• [What the task requires]:
With pictures left out, return only the lines from the line containing "Senior’s Guide to" through the end of the material below, both included.

• [Provided data]:

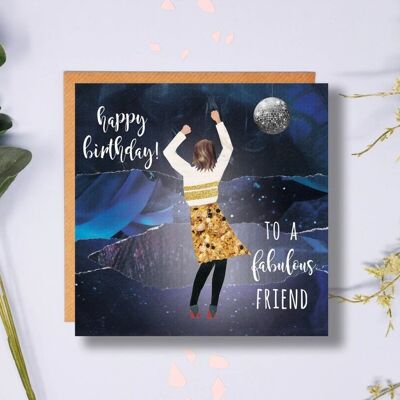 Happy Birthday Friend Card, Fabulous Friend Card, Dancing Queen, Party Girl, Birthday Card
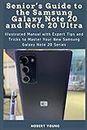Senior’s Guide to the Samsung Galaxy Note 20 and Note 20 Ultra: Illustrated Manual with Expert Tips and Tricks to Master Your New Samsung Galaxy Note 20 Series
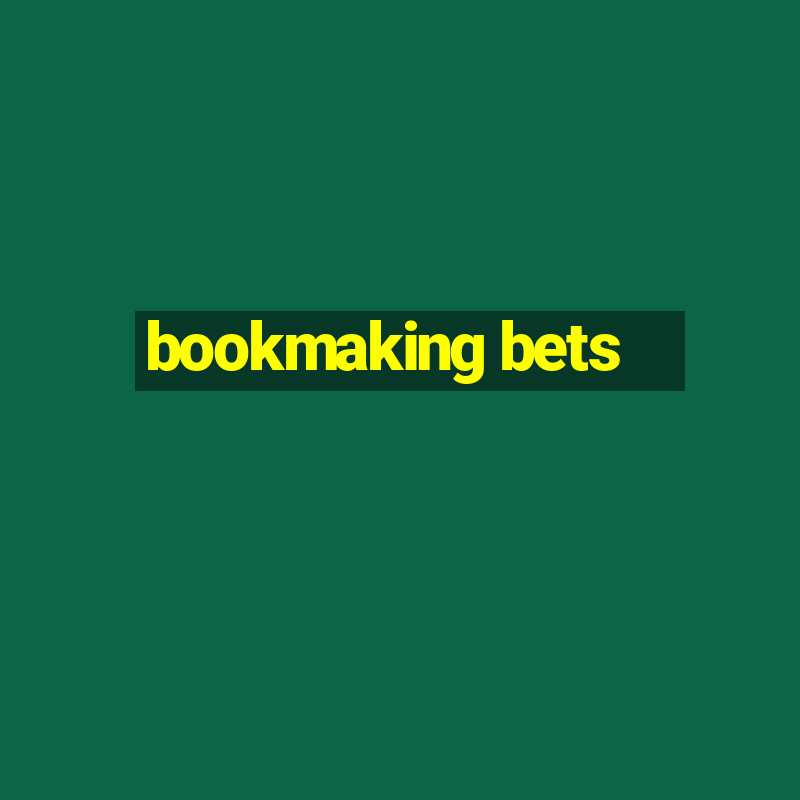 bookmaking bets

• [Output for this task]:
Senior’s Guide to the Samsung Galaxy Note 20 and Note 20 Ultra: Illustrated Manual with Expert Tips and Tricks to Master Your New Samsung Galaxy Note 20 Series
 bookmaking bets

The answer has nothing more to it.